P250 A six year follow up study of patients undergoing Cardiopulmonary Exercise Testing (CPET) for investigation of unexplained breathlessness

2021 
Introduction and Objectives Cardiopulmonary exercise testing (CPET) is a powerful diagnostic tool for investigating unexplained breathlessness. As well as diagnosing pathology, excluding harmful causes can reassure patients and help clinicians avoid over-investigation. Since 2013, Nevill Hall Hospital has offered CPET as the first line test for unexplained breathlessness if a diagnosis remains unclear after history, examination and basic clinic testing (figure 1). We have followed the cohort of 46 patients tested in 2013 to assess the impact of a ‘negative’ CPET on future secondary care use and the frequency of missed pathology. Methods We retrospectively reviewed the electronic case records of all 46 patients to 31st December 2019. We collected CPET outcomes, duration of follow up, number of subsequent referrals back to secondary care for breathlessness and the number and results of subsequent specialist investigations.

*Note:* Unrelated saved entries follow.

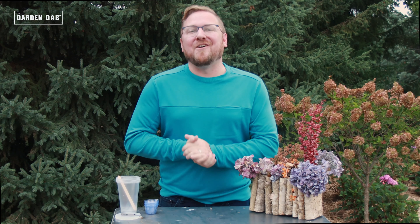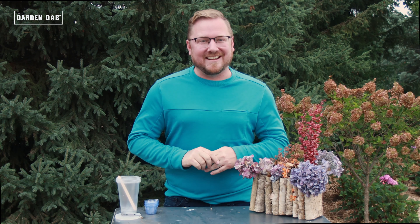Have you been looking for a way to preserve your endless summer hydrangeas for year-long enjoyment? Well, look no further, because today I'm going to show you how to make coasters using your beautiful hydrangea blooms. I'm Ryan from Endless Summer Hydrangeas, and welcome to Garden Gab.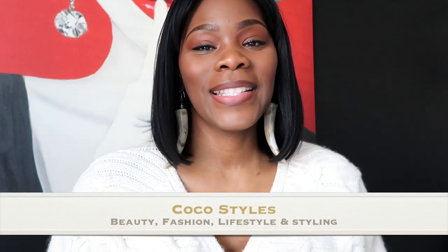Welcome back to my channel guys, it's your girl Coco Styles. On this channel we talk about beauty, fashion, lifestyle and styling. Today I am using my vlog camera but I wanted to talk to you guys about this detox that I'm doing.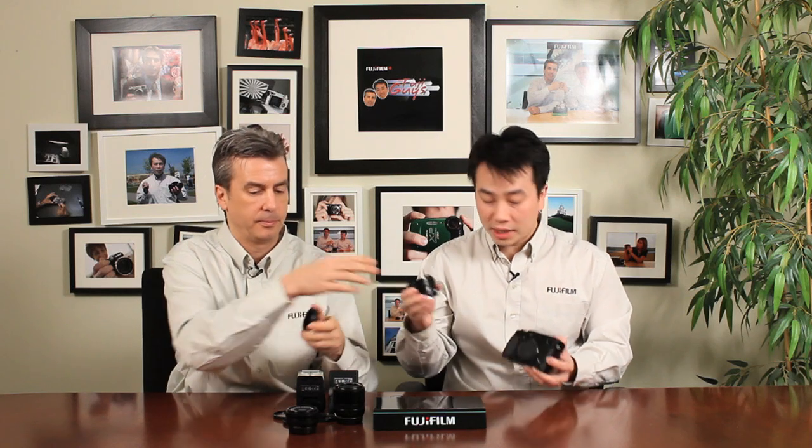First I just want to point out the three different prime lenses we are offering with the X-Pro1 right at launch. We have the 18mm f2 lens, which equivalent to 35mm on this camera would be approximately 27mm. We also have the 35mm f1.4, a very fast prime lens, equivalent to approximately 53mm. We have the 60mm f2.4 lens, which is a great low macro slash portrait lens, equivalent to approximately 91mm.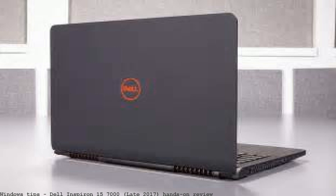That boring black obelisk look notwithstanding, the Dell Inspiron 15 7000 is a great PC for gaming on the cheap. The Dell Inspiron 15 7000 series is a jack-of-all-trades with an i7 processor, NVIDIA graphics, loads of RAM, and a large hard drive.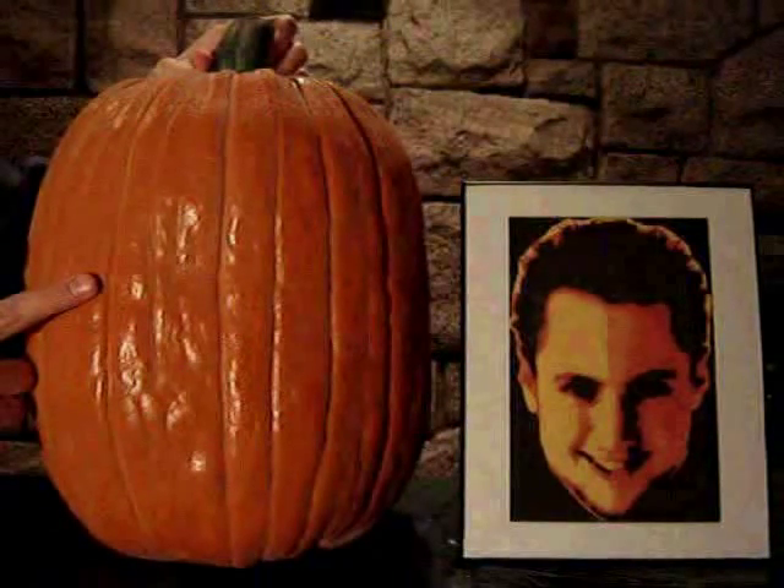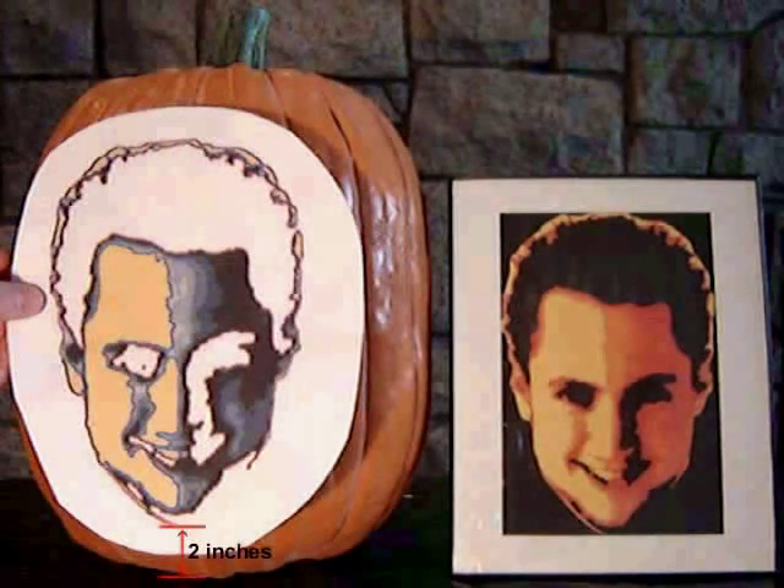Examine the pumpkin to find the best side to carve the design — the flatter the better. Position your stencil at least a couple of inches up from the bottom of the pumpkin, or else you may see the candle's flame through the finished carving.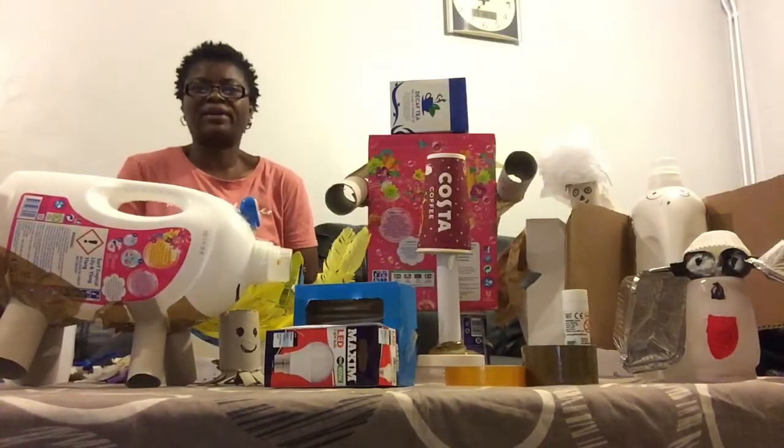Good morning, good afternoon, good evening wherever you are — I am Simply Ola. Have you got used items, used containers, or recycled items that you want to throw away? Well, maybe at the end of this video you might change your mind about throwing away soft objects, because we will be exploring junk modeling.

We examined all secondary care correspondence for subsequent diagnoses of cardiovascular or pulmonary disease, even if breathlessness was not the presenting complaint. Results 90% (41/46) of CPETs showed no evidence of harmful pathology. Of these, just over half (24/41) showed positive evidence of dysfunctional breathing and a quarter (12/41) of deconditioning; 90% (37/41) were discharged within one appointment. One-third (13/41) were later either referred back to secondary care (8/41), frequented acute medical services (3/41) or accessed further specialist testing through secondary care (9/41) for the same complaint of breathlessness. Only one re-referral led to a new diagnosis (of COPD, six years after CPET) and of 29 additional investigations for the nine patients who underwent repeat testing, no additional diagnoses were found. 4% (2/41) were later diagnosed with a pathology potentially ‘missed’ by their CPET. One patient had a paroxysmal arrhythmia, not present at time of CPET. The second presented four months after CPET with myocardial infarction; their dysfunctional breathing pattern was so pronounced at CPET that they couldn’t reach adequate levels of exercise to reveal ischaemia. Conclusions This study provides support for use of CPET to reliably exclude harmful pathology and reassure both patients and clinicians early within a secondary care pathway for unexplained breathlessness. The diagnostic limitations of a sub-maximal test must be appreciated.